O sprawie poinformował nas Widz WTK. Na zakopane truchło psa natknął się w lesie w rejonie ulicy Chryzantemowej. - Zgłaszałem straży miejskiej, polecili skontaktować się z policją, ponieważ oni muszą zbadać, czy pies zmarł sam, czy ktoś mu pomógł. Policja była na miejscu - precyzuje.
Policjanci potwierdzają, że zajmują się tą sprawą. - W sobotę otrzymaliśmy informację o martwym psie, który został znaleziony zakopanym w poznańskim lesie - mówi nam mł. asp. Anna Klój z poznańskiej policji. - Obecnie ustalamy, jak się tam znalazł, będziemy też wyjaśniać, czy mamy do czynienia z przestępstwem - dodaje. Policjanci będą więc sprawdzać, czy zwierzęciu ktoś "nie pomógł" odejść z tego świata.
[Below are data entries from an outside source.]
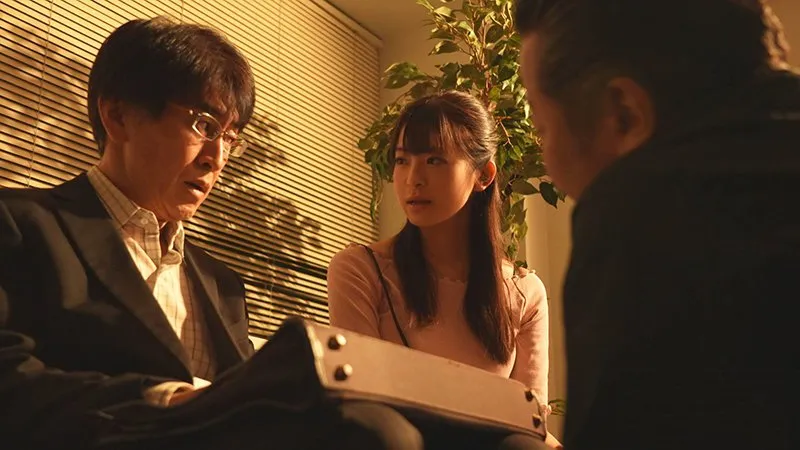 Người chồng vay nợ giang hồ, cô vợ phải bán thân để trả nợ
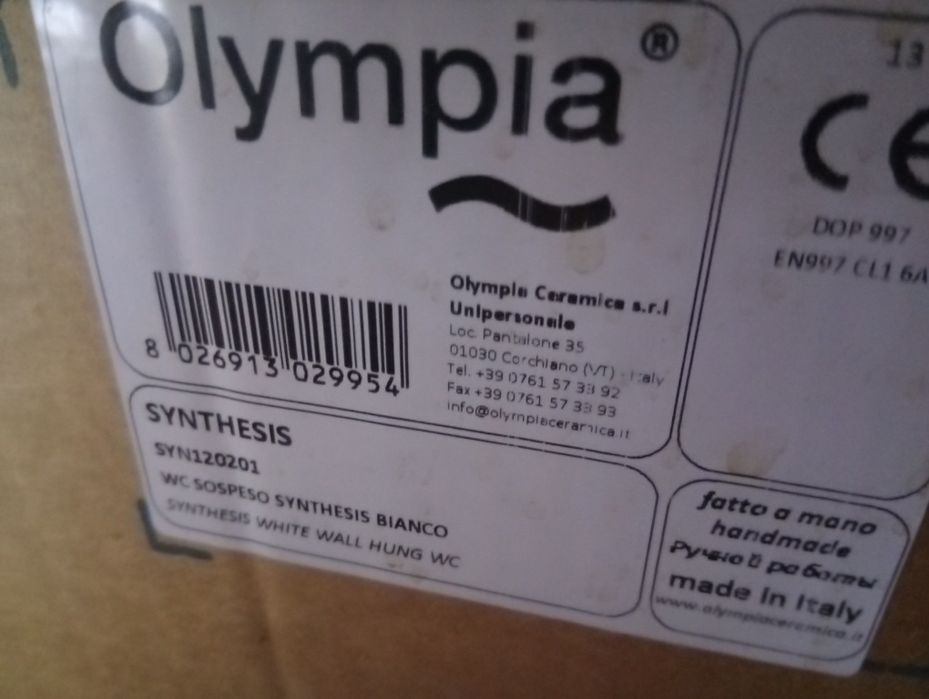 Bideu și wc atașate pe perete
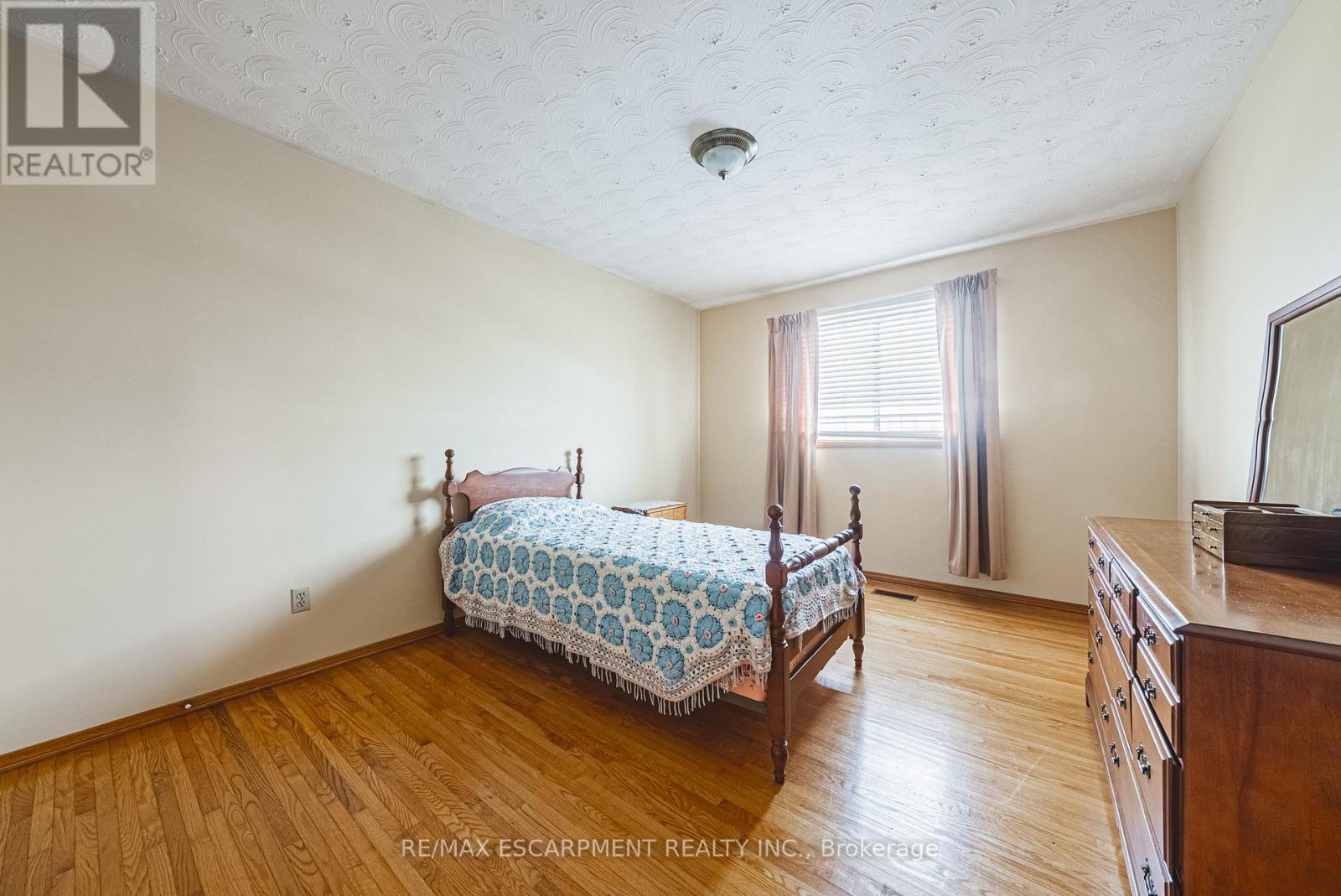 19 Hadeland Avenue, Hamilton, ON - Indoor Photo Showing Bedroom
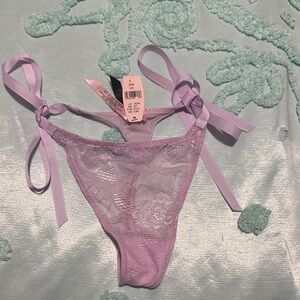 2000s Victoria's Secret Lilac Lace Panty with Ribbon Accents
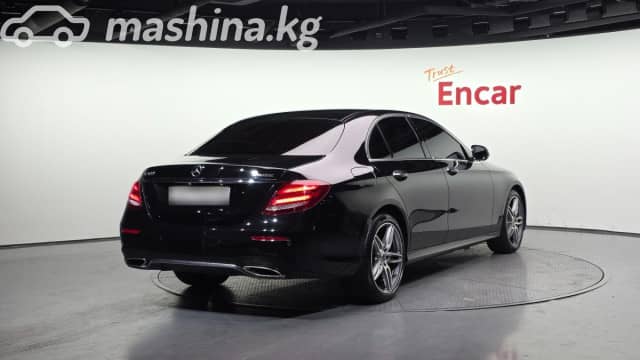 Mercedes-Benz E-Класс V (W213, S213, C238) 300 2.0 AT 4WD
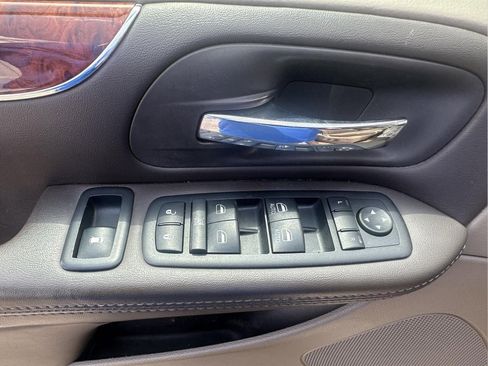Used 2014 Chrysler Town & Country Touring-L w/ Driver Convenience Group FWD image 11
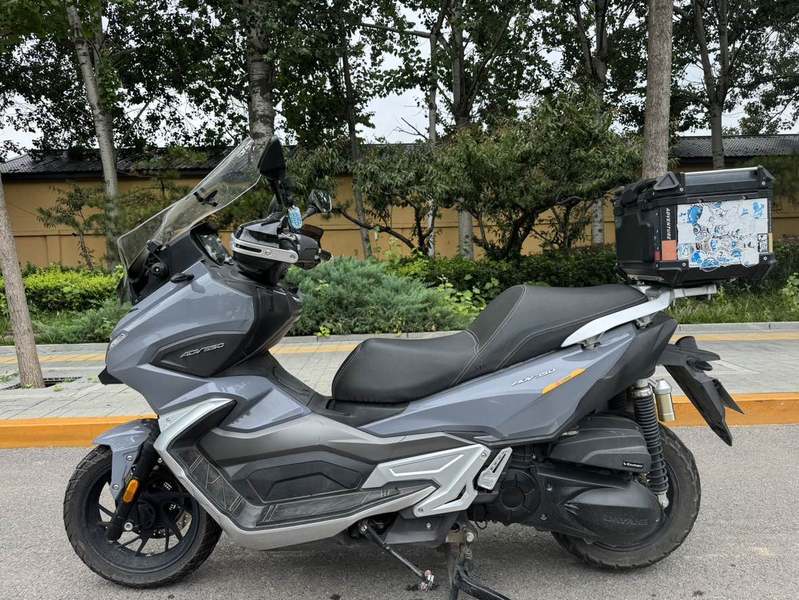 二手大阳V锐 ADV350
Jeśli okazałoby się, że zwierzę odeszło samoistnie, na przykład ze względu na zaawansowany wiek, osoba, która zakopała psa, może odpowiadać jedynie za wykroczenie. Las nie jest bowiem miejscem, w którym grzebie się zwierzęta. Jeśli natomiast okaże się, że pies został uśmiercony, sprawca może trafić do więzienia nawet na 3 lata. Oczywiście pod warunkiem, że uda się go ustalić.
W przypadku śmierci pupila domowego najbezpieczniejszym i legalnym rozwiązaniem jest pozostawienie jego ciała w klinice weterynaryjnej, pochowanie go na cmentarzu dla zwierząt lub skremowanie.